The Career of a Horse Racing Trainer

Horses are very smart animals and can be trained to do many things: pull a plow, leap fences, and some, supposedly, can add numbers. Different specialists teach these horses their skills, one kind of specialist is the horse racing trainer.

A horse racing trainer is something like the manager of a horse. The trainer decides when and how the horse should exercise, oversees its healthiness, prepares it on race day, and decides which races it should run. Top trainers work with horses that are worth, or may be worth, millions of dollars. So the animals are physically scrutinized and managed as much as any human athlete. The trainer must also work closely with the jockey and receive feedback after every practice run. Usually, with high-stakes thoroughbreds, the horse racing trainer is an employee of the horse's owner, not the owner him or herself. Trainers are professionals who have generally spent most of their lives around horses.

Small Ranks

The list of famous American horse racing trainers is rather short. This is because a few superstars have dominated the rankings since the 1970. A small bunch of about 10 or 15 men train most of the country's champion thoroughbreds. Many of the top stars grew up on ranches or horse farms, often sons of fathers that were trainers themselves. So they have learned about horses from their youth, but often take a university degree in anything from animal biology to something more specific, like race track management.

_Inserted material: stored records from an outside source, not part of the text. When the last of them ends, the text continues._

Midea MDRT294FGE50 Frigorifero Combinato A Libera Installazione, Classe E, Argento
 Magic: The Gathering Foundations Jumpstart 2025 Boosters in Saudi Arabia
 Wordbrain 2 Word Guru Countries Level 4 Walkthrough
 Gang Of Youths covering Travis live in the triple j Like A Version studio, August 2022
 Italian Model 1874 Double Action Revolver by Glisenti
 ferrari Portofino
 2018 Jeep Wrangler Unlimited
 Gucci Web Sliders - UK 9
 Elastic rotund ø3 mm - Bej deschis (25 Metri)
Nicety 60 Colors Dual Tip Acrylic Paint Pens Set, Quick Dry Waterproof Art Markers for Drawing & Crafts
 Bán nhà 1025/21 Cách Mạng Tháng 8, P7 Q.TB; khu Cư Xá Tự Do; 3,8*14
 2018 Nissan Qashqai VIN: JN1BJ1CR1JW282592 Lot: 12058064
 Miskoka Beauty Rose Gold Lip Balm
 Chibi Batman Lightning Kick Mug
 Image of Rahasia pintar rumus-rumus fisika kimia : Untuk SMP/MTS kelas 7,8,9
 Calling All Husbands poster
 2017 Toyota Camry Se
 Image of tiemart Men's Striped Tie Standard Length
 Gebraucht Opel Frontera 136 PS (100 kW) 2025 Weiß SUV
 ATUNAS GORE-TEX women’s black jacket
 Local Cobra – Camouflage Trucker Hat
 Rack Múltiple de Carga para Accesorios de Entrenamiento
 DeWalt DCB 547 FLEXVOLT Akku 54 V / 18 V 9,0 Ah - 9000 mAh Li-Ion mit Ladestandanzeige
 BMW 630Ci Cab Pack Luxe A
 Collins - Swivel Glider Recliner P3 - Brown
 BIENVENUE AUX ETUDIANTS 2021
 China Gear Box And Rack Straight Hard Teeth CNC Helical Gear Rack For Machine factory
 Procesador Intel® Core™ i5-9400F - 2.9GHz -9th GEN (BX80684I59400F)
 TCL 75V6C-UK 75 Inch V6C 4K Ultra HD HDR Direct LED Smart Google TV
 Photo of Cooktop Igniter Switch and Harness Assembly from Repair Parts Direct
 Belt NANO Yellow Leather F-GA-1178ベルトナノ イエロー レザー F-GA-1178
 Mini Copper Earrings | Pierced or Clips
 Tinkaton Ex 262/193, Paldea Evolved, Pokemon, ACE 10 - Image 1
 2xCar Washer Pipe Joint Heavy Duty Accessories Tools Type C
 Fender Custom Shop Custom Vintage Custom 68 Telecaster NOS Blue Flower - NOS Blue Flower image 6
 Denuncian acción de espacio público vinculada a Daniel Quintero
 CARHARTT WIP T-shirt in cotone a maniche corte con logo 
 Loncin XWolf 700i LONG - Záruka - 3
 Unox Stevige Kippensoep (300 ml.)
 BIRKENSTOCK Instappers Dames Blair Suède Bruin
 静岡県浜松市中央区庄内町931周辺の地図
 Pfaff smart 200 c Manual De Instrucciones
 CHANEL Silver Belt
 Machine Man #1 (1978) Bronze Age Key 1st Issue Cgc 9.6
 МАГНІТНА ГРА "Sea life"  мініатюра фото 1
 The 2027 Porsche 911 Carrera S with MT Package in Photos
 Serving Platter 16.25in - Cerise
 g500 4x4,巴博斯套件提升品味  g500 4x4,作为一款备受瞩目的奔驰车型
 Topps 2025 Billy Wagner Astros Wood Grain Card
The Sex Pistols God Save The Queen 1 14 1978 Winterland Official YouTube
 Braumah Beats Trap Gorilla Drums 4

Whether a university alumni or not, most trainers spend years working at master trainers' stables. Many of the most successful trainers eventually open up their own stables, and hope for promising clients. A horse racing trainer is paid a percentage of his thoroughbred's winnings. Because the stakes in horse races can go into the millions of dollars, top trainers can make millions of dollars every year.


Horse racing trainers in the United States must hold a license to conduct business. These certifications are handled at the state level, but many jurisdictions make it easy for someone licensed in another state to get a local license.

Though state laws vary, in general, a candidate for a license must prove to the state that he or she has already spent time assisting professional trainers in as many as 100 races and is competent in the practice. And of course, any conviction associated with race-fixing or animal cruelty is an automatic disqualification.